MUVAFAKAT
Sözlükte bir nesneyi bir
nesneye uydurmak ve bir kimseye rastgelmek demektir. Hadis terimi olarak uluvvu
nisbinin kısımlarından biridir. Bir hadis kitabındaki hadislerden birini,
kitaptaki isnaddan başka bir isnadla müellifin şeyhi ile buluşmak üzere daha az
sayıdaki raviden oluşan isnadla rivayet etmeye denir. Böyle bir rivayette
müellifin şeyhine âli isnadla ulaşmakla uluvv hasıl olur. Müellife de muvafakat
edilmiş demektir. Bir diğer ifadeyle bir kitapta bulunan bir hadisi bir başka
muhaddis, müellifinin şeyhinden rivayet etmekle ona muvafakat etmiş sayılır.
Meselâ Buhari'nin en âli
isnadı olan sülâsi, isnadıyla rivayet “Ya Enes (b. Nadr), Kısas Allah'ın farz
kıldığı bir hükümdür” hadisini bir ravi Buhâri'ye varan tariktan başka bir
tarikla Cuz'u'l-Ensâr kitabının tankından rivayet etmiş olsa Buhari ile
muvafakat hasıl olur.
Burada işaret etmek
yerinde olur ki uluvv-u nisbinin kısımlanndan sadece muvafakat ile ibdalde
uluvv yani daha az sayıda ravi ile rivayet kaydı vardır. Bu İbnu's-Salah, ona
tabi olarak en-Nevevii, el-Iraki ve es-Suyûti’nin tarifleridir.
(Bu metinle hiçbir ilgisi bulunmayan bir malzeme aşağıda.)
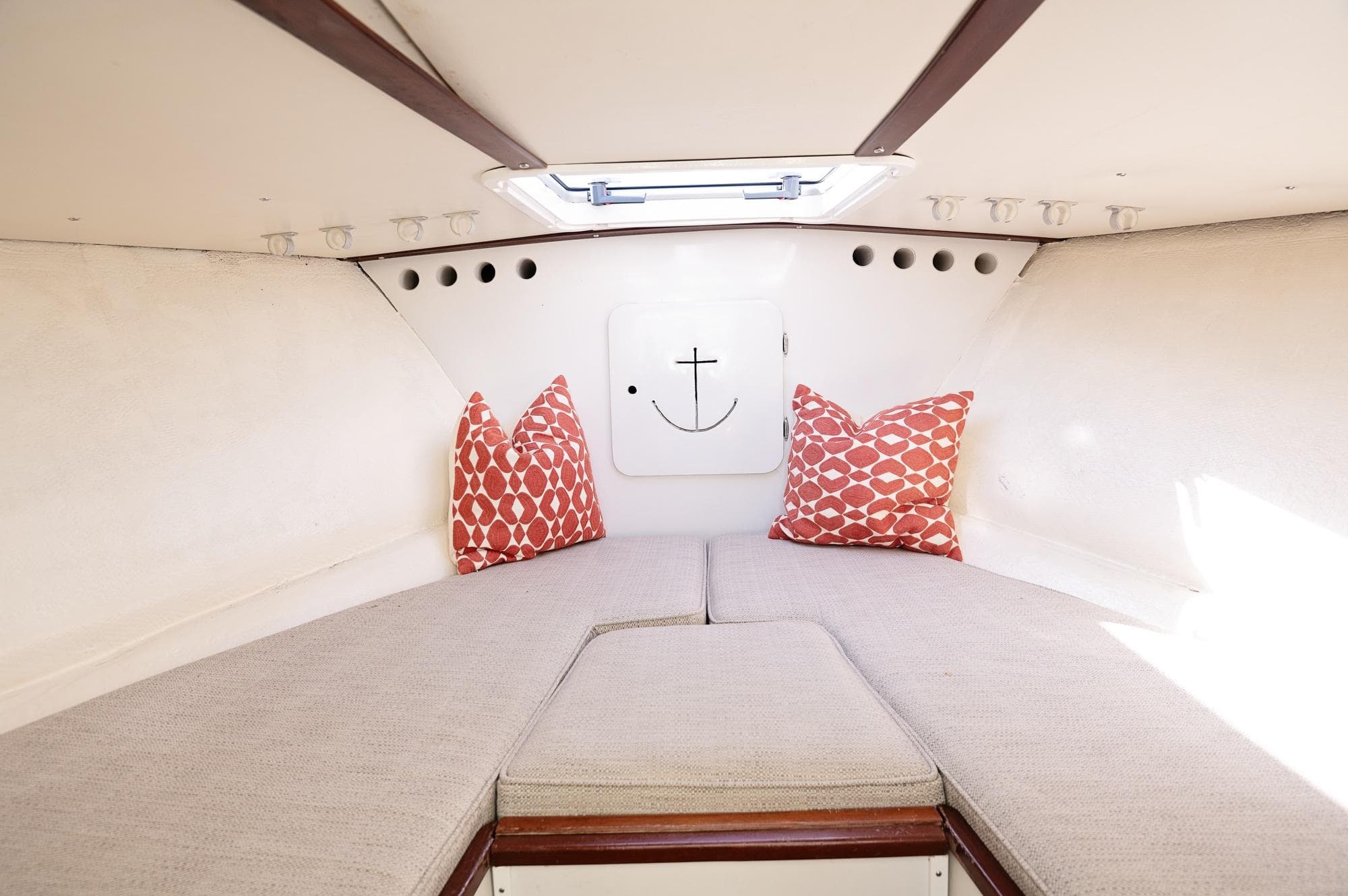 1969 Bertram 31 Classic cabin interior with cozy bedding and decorative pillows.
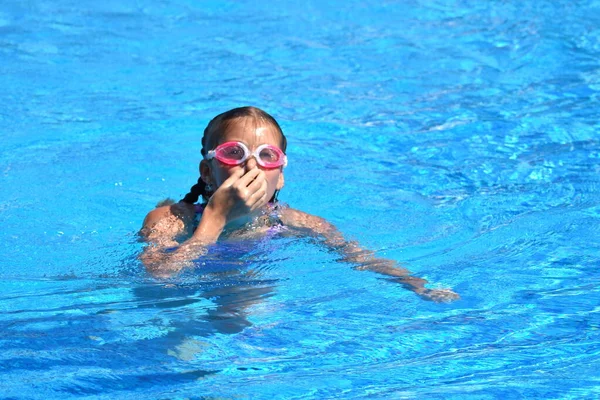 Cute girl enjoys in swimming pool at the hotel.  teenager at resort in water. swimming training. Holidays with children at sea. — 스톡 사진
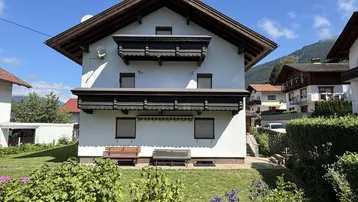 Weißes Haus mit traditionellen Holzbalkonen und gepflegtem Vorgarten unter blauem Himmel.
Nitekim
İbnu's-Salâh, “İsnadda uluvv olmazsa bunlara muvafakat veya ibdâl denmez. Gerçi
isnad âli olmazsa da yine muvafakat ve ibdal bulunur. Fakat o takdirde de
bunlara iltifat edilmeyeceğinden o isimler verilmez” der. Bununla birlikte
ez-Zehebi ile diğer bazı usûl alimleri isnadda uluvv olmaksızın muvafakat ve
bedel tabirlerini kullanmışlar ve isnad âli olduğu takdirde muvafakat -i âliye
veya bedel-i âli demişlerdir. Hatta ez-Zehebi'nin yerine göre “vâfaknâhu
bi-nuzûlin” (Bu kitaba nüzul ile muvafakat etmiş olduk) tabirini kullanmıştır.
Demek oluyor ki diğer alimler muvafakati isnadın âli olmasıyle
sınırlandırdıkları halde o nüzul ile sınırlandırmıştır.